Once the applicant provided evidence of the dog’s accreditation on 17 July 2018, there is no doubt that the respondent could have acted more promptly in undertaking the steps detailed in section 4 of the Animals in the Workplace Guideline … different JACs Directorate employees were responsible to have progressed the workplace’s response to a service dog being at work. While the process was arguably poor, particularly given the prompt and proactive action taken by Ms Lundy in August 2017, the Tribunal does not find that this equates to unfavourable treatment of the applicant due to a protected attribute. In short, the delay of approximately seven weeks, was not so significant such as to give rise to such a claim.

Further, the Tribunal does not consider the failure of the respondent taking action, prior to being notified of [her dog]’s accreditation, equates to discrimination within the terms of the Act. Clearly, it was possible that the dog may not have passed the accreditation requirements.

Finally, at [89] ‘It follows that having regard to the requirements of the Act in this case, the Tribunal dismisses the application’.

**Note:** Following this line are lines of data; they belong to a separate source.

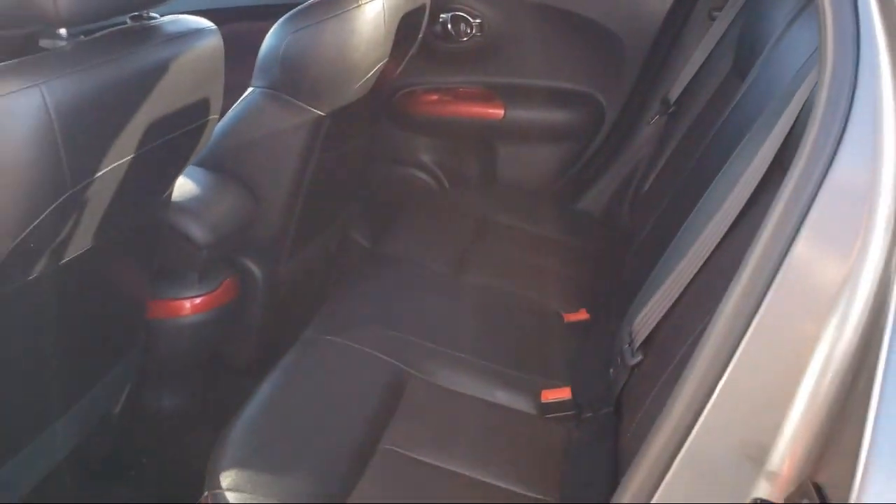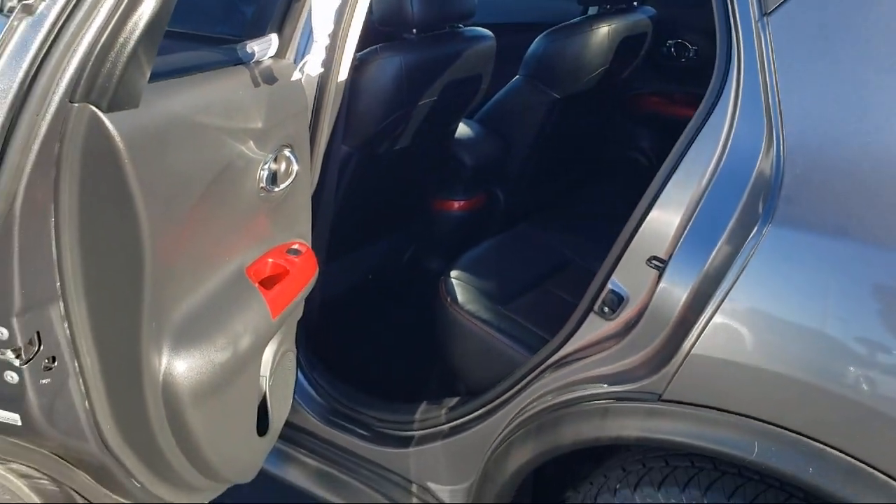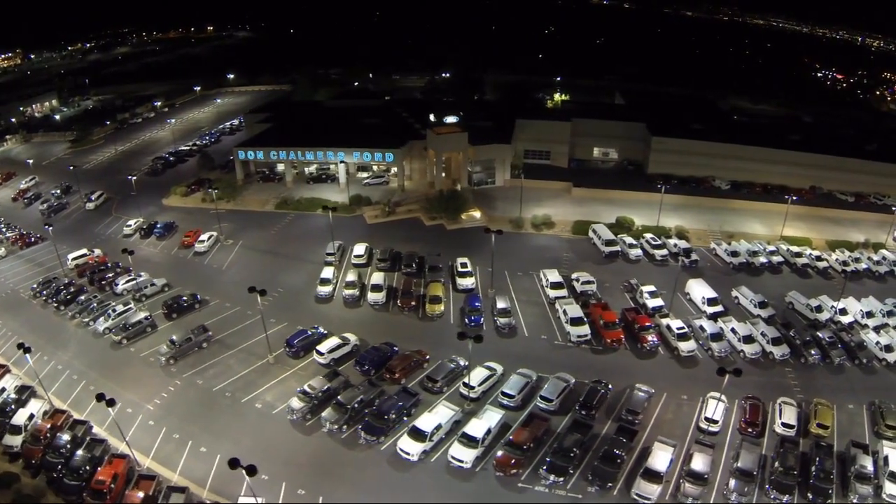Our shoppers feel at ease, worry-free, and extra satisfied with their purchase from us, so come in today and schedule a test drive. We're located at 2500 Rio Rancho Boulevard.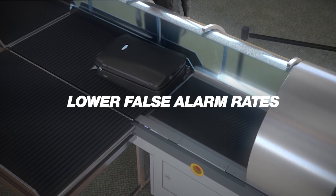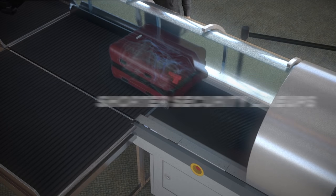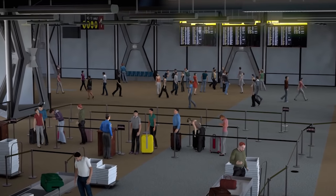The result is lower false alarm rates, a decrease in bag searches, and shorter security lineups. Cobra Checkpoint CT systems — the future of Checkpoint security.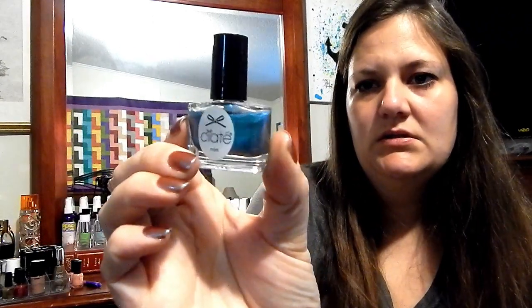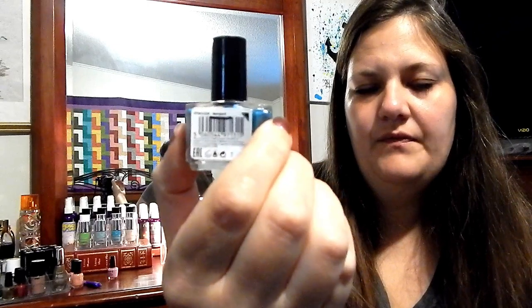Ciate Tempest — which is this blue — I did not wear this one at all. I need to try to start wearing it. I think I'll probably get more use out of it once December comes around.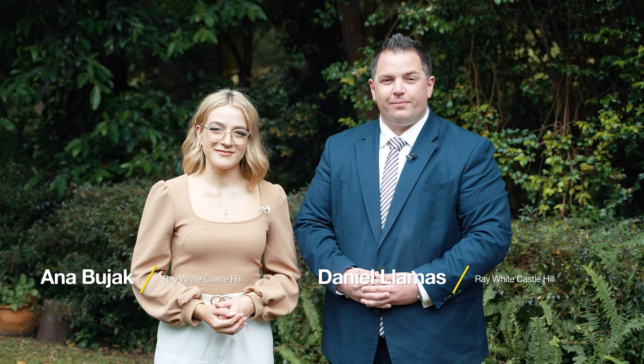Tucked away in a quiet cul-de-sac is this architectural design award-winning home, offering luxury, privacy and tranquility throughout. Welcome to 9 James Place, Castle Hill.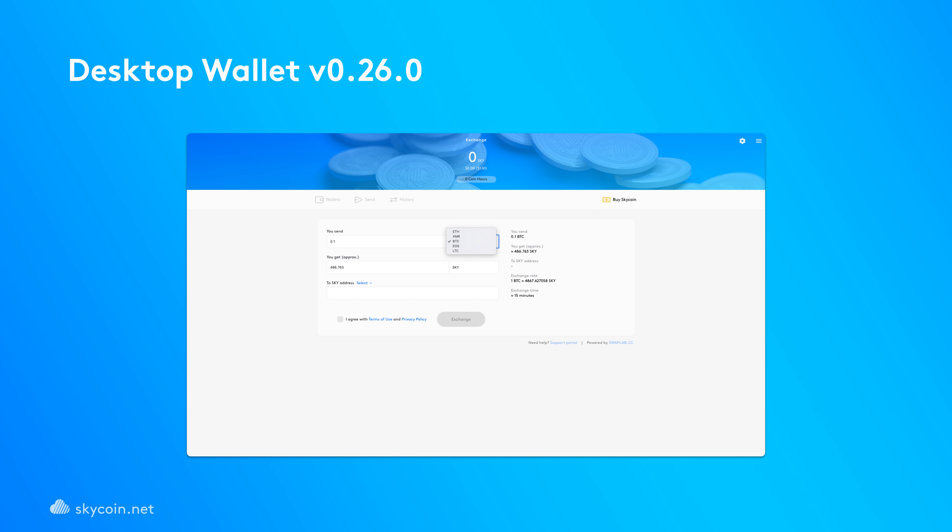We're also very pleased to announce the release of an amazing update to the SkyCoin desktop wallet that allows you to buy SkyCoin directly from your desktop wallet. Download and update to the latest version 0.26.0 to access the new BuySkyCoin service facilitated by Swaplab. For more details, see our latest blog post and video on buying SkyCoin in the desktop wallet.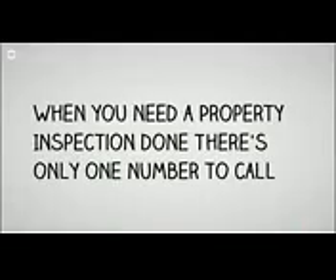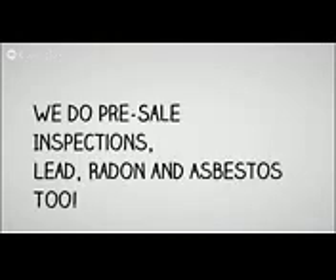Hi, thank you for clicking on our video. We're Allied Property Inspection Services, and we're here to help you. When you need an inspection done right and right the first time, there's only one number for you to call, and that's 443-687-8306.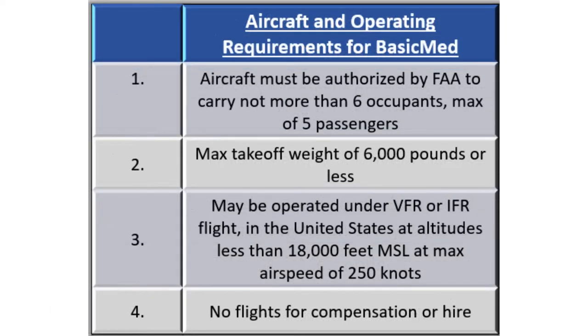Here is a list of the aircraft and operating requirements when flying under basic med. The aircraft must not hold more than six occupants including the pilot, so a pilot flying under basic med can fly with no more than five passengers. The aircraft must have a max-certificated takeoff weight of no more than 6,000 pounds. Flights under basic med may be operated in VFR or IFR conditions, but may only be operated in the United States at altitudes at or below 18,000 feet MSL. Max airspeed when flying under basic med is 250 knots, and pilots may not be compensated when using basic med in lieu of an FAA medical certificate.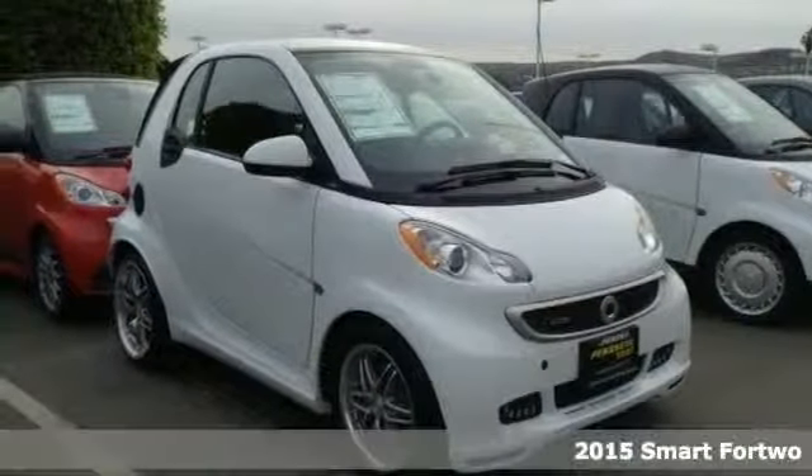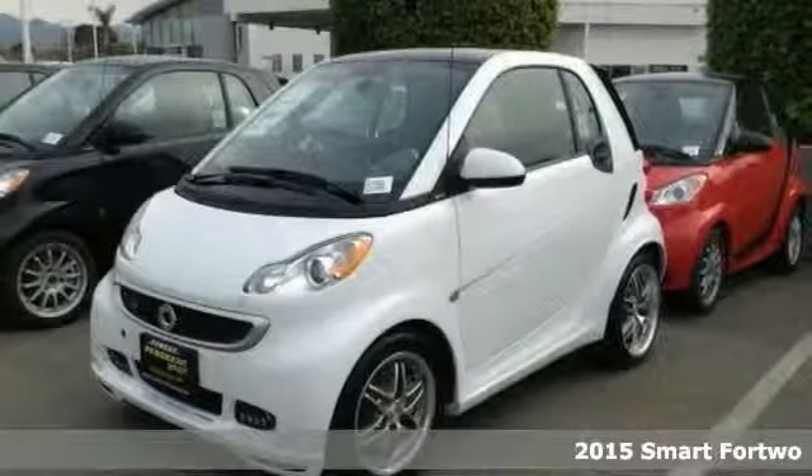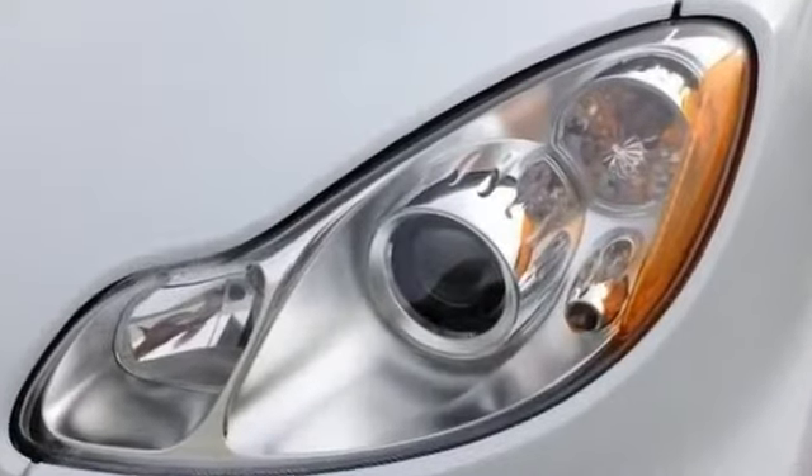You can stop clicking the mouse because this handsome 2015 Smart 4.2 is the super gas saver you've been searching for. Cute vehicle in need of a good home, very well mannered and rarely requires feeding.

It is unlawful to discriminate on prohibited grounds, including disability.  But an employer, such as ACT Ambulance, also has to ensure that it can meet its statutory duties and that the conduct of the workplace does not expose workers and others to unreasonable risks to their health and safety.  Balancing those demands is clearly complex.  Actions taken to comply with another Act of the ACT are not unlawful even if they do constitute discrimination under the Discrimination Act.

The Discrimination Act does not require an employer to meet the employee’s subjective demands or address their perception of discrimination ([74]).  Whether a person has been discriminated against is an ‘objective’ test taking into account both the actions (or inactions) of the employer and the legal obligations upon that employer.